# Data excerpts
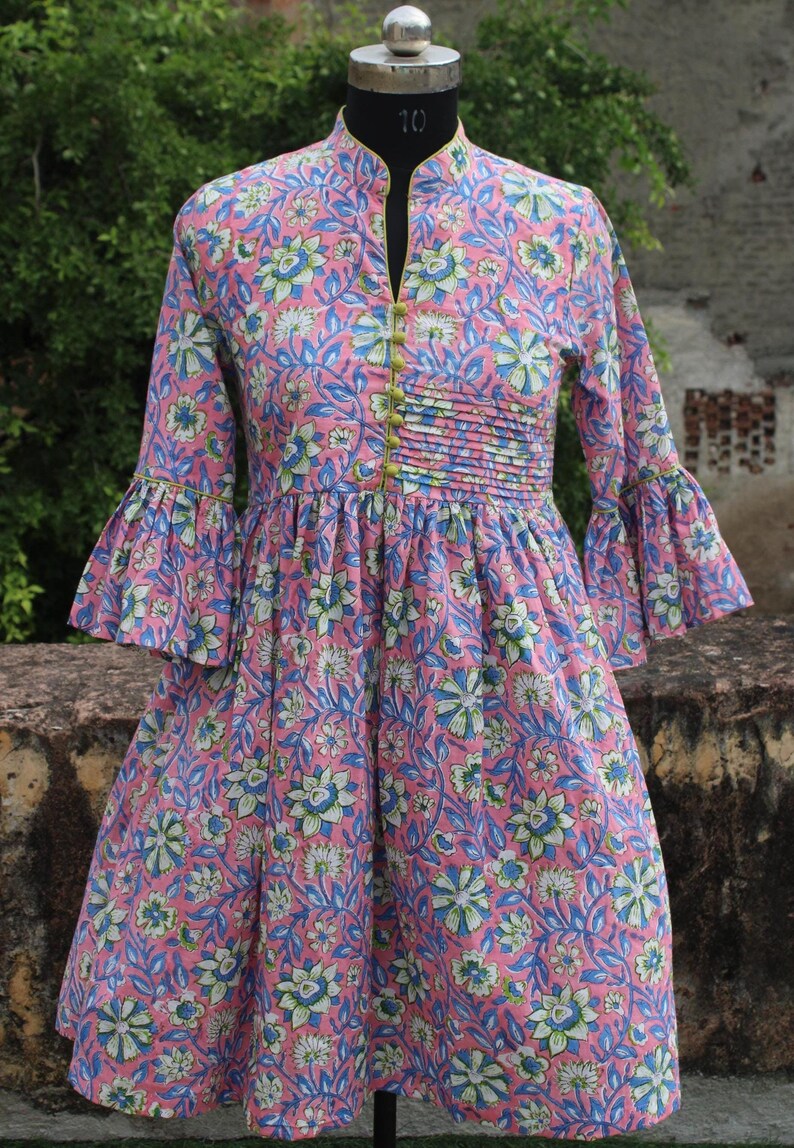cotton dress,
handmade dress,
block print dress,
floral printed dress,
Personalized gift,
casual gift,
summer wear dress.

# WHAT TO WORK ON
When you return the records, keep every word unchanged and drop the pictures.

# SOLUTION FOR THIS TASK
cotton dress,
handmade dress,
block print dress,
floral printed dress,
Personalized gift,
casual gift,
summer wear dress.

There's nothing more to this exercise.